Ce matin-là, alors que l'aube se fait attendre dans les rues de Small Heath, Giorgia ouvre ses yeux sur son plafond tapissé de motifs presque effacés. Rapidement, elle se redresse, passe une main dans sa chevelure noire ébouriffée et attrape son déshabillé bleu clair qu'elle enfile négligemment avant d'aller ouvrir ses fenêtres, le froid glaçant s'engouffrant dans la pièce encore sombre. 

Au rez-de-chaussée quelques bruits de vaisselle se font entendre, ah mais oui.. Sylvia a élue domicile chez elle. Sylvia est sa cousine par alliance native d'Angleterre qui a désertée l'Espagne pour retourner sur ses terres et échapper à son époux, Alonso. N'ayant pas vraiment envie de courir chez ses parents à Liverpool pour se faire réprimander, c'est dans le modeste appartement de Giorgia qu'elle réside.

- Salut, Gigi.

Descendant les dernières marches craquantes Giorgia pose son regard sur Sylvia qui s'agitait à faire du thé et à préparer des œufs pour sa cousine.

- Hola Sylvia.. Bien dormis ?

- Parfaitement ! Ta chambre d'ami est très confortable !

- Oh, ça me fait plaisir, alors.

Déjà le nez dans le journal du jour, Giorgia se pose négligemment sur une chaise de la cuisine, son genou replié contre elle. Les sourcils froncés elle se concentre sur la page des faits divers, la voix de la cousine résonnant comme une mélodie lointaine dans sa tête.

-... et du coup je l'ai trompé avec cinq hommes, tu te rends compte ?

- Hm.

- Hm ? HM?! Giorgia ?!

La brune fait tomber l'angle de la page à droite voyant le visage de Sylvia se dessiner derrière, l'air contrarié.

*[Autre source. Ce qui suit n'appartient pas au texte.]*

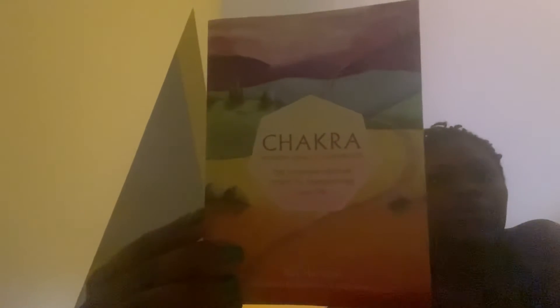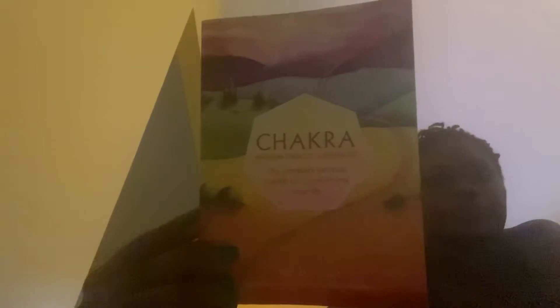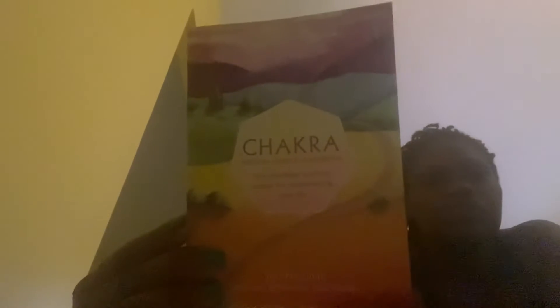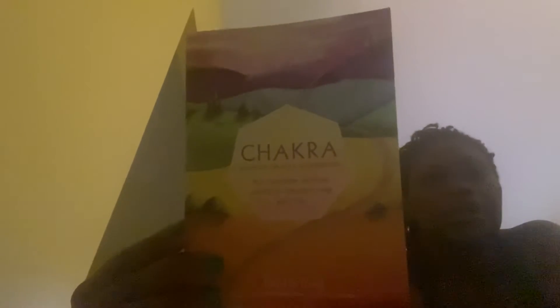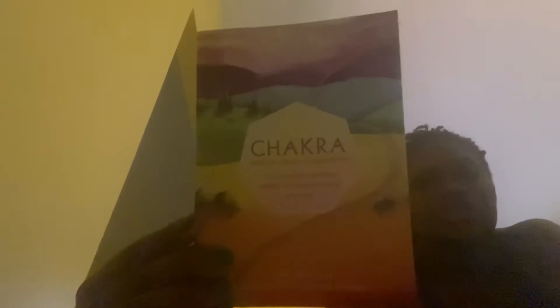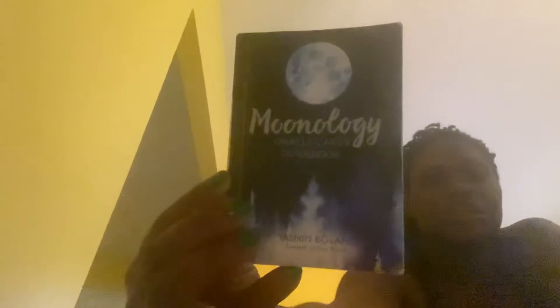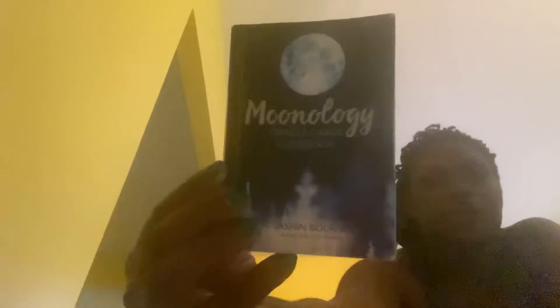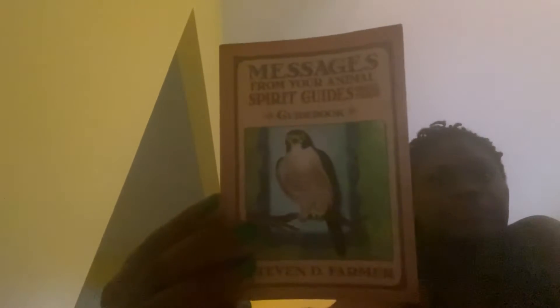And if you have selected piles two and three, then you're here for that. Let me just show the piles again since the video got cut off. So pile one was people who chose this Chakra Wisdom Oracle deck. Those who chose pile two chose this Moonology deck. And those who chose pile three chose the messages from Spirit Animal Guides Oracle deck.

- Ça ne te fait pas réagir ce que je dis ? 

- Non, tu vois bien que non! Déjà je sais très bien que c'est faux, cinq hommes c'est trop pour toi, et de deux je m'en fiche.

- Ah, d'accord. Donc ça va être ça tous les matins? 

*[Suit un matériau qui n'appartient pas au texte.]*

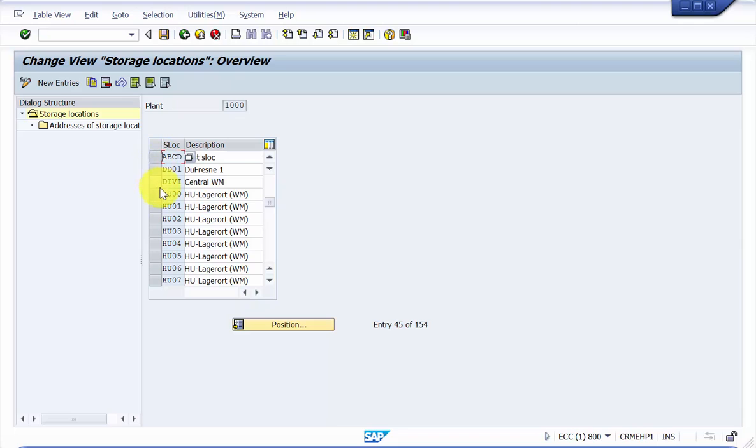One thing that I would like to mention is that we have not attached any address to the storage location, so in the next video we will see how to attach a storage location address to a storage location.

Giorgia prit une tranche de pain qu'elle mordit à pleines dents, puis donna la page des sports à sa cousine, un sourire aux coins des lèvres.

- Merci ! Enfin !

- Hm.

Il ne fallut que quelques secondes à Sylvia pour trouver un nouveau sujet de discussion et animer ce petit déjeuner qui commençait à être éclairé d'avantage de la lumière du jour qui perçait à travers la fenêtre de la cuisine.

- Oh ! Ça me fait penser...! Hier, quand je suis allé faire une course en arrivant, j'ai écouté une conversation entre deux femmes, et malgré leurs accents vulgaires et sans aucun charme j'ai compris qu'elles parlaient de ces fameux bookmakers tu sais, ce qui sont dans le quartier.

- C'est un gang, Sylvia.

- Eh ben quoi ? Ça fait tellement longtemps que je n'ai pas joué !

- Tu es une femme seule sans homme a tes cotés, et tu n'es bientôt plus mariée, tu ne pourras pas jouer, qui plus est je me répète, lorsque c'est dirigé par un gang.

- Je suis sûre que tu le connais, ce 'gang'... les Peaky... Peaky quelques choses, non ?

- Sais-tu que les curieuses comme toi finissent jamais par avoir très bonne réputation. 

- Et tu en sais quelques choses.

- Soit.

Elle lui lança un rapide clin d'œil en portant sa tasse fumante à ses lèvres. Sylvia roula des yeux, l'air exaspéré, puis fit la même chose avant de fermer la page du journal.

- Sans plaisanter, Giorgia ? 

- Quoi ? 

Gigi se retourna sur la jeune femme a la chevelure châtain qui tenait la théière dans sa main prête a être reposé sur la gazinière.

- Que fais-tu de tes journées?

- Je fais des passes par-ci par-là dans le quarter... Je travaille, bien sûr.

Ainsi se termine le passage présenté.